In some cases, an injury has occurred. When that happens, an admission of guilt has repercussions that extend beyond the criminal case. For example, take an automobile accident.
If someone is injured or dies as a result of your criminal negligence, your admission of guilt can have an impact on insurance coverage and it can greatly impact the manner in which the civil lawsuit is handled. Enter the nolo plea.
Nolo is short for nolo contendere – I do not wish to contend. In the United States, state law usually determines when a defendant may plead no contest in state criminal cases. A nolo contendere plea will result in the same effects as a plea of guilty. A conviction arising from a nolo contendere plea is subject to any and all penalties, fines, and forfeitures of a conviction from a guilty plea in the same case. A nolo plea is generally, but not always, used when
accidental injury has occurred.
In New Hampshire, a plea of nolo contendere is not a confession of guilt. The plea is literal – its true meaning is, “I do not wish to contend.” As such, it is not an admission of the truth of the charge.
In State v. Fagan, 64 N.H. 431 (N.H. 1887), the New Hampshire Supreme court had this to say about nolo pleas: “A man may be conscious of innocence, and at the same time be conscious that
circumstances exist which he may be unable to explain, which render a defence useless, and so whilst protesting his innocence he may properly decline to contend with the state.
The plea is allowed by way of compromise between the state and the defendant, and is for the purposes of the particular case only, and cannot be used to bind the defendant in other proceedings. Its legal effect is, that the non-contending defendant submits to the mercy and the judgment of the court; but that effect is limited to the particular case in which the plea is entered, and the defendant is not thereby estopped in any subsequent proceeding (like the present indictment) to say that he was not guilty of the alleged offence, to the charge of which he pleaded that he would not contend.”

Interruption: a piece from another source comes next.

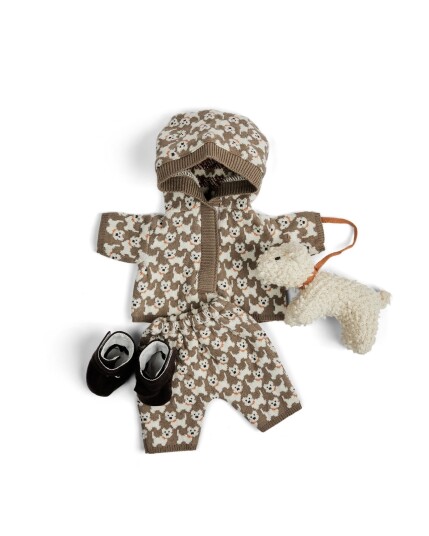 Smallstuff Dukketøj trøje med hunde/ sko og hund 40010 45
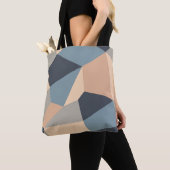 Polygonal variegated seamless pattern. multi-color tote bag (Dichtbij)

There is one other plea to discuss. It is called the Alford plea. An Alford plea is a plea of guilt despite a claim of innocence. A defendant’s decision to enter an Alford plea is an acknowledgment of the strength of the State’s case – it’s just that it isn’t worth it to the defendant to continue to press his/her innocence. I’ve had two Alford pleas that I can recall.
One of these cases will illustrate the plea. A minister was charged with violating the law for writing a letter to a sitting judge about a case that was under consideration. The minister had been in the courtroom for the trial and had noted what the minister regarded as poor courtroom behavior by the judge. The minister wrote the
judge a letter. It was sent to the judge’s home. The letter basically derided the judge’s attitude in court. It suggested that the judge must have had an unhappy childhood. The minister was not inclined to take the time nor spend the money necessary to defend
against the charge, so he entered an Alford plea. The sentence was meager and the minister took his lump(s) and moved on.
An Alford plea is similar to talking out of both sides of your mouth.
The defendant pleads guilty but maintains his innocence – how great is that?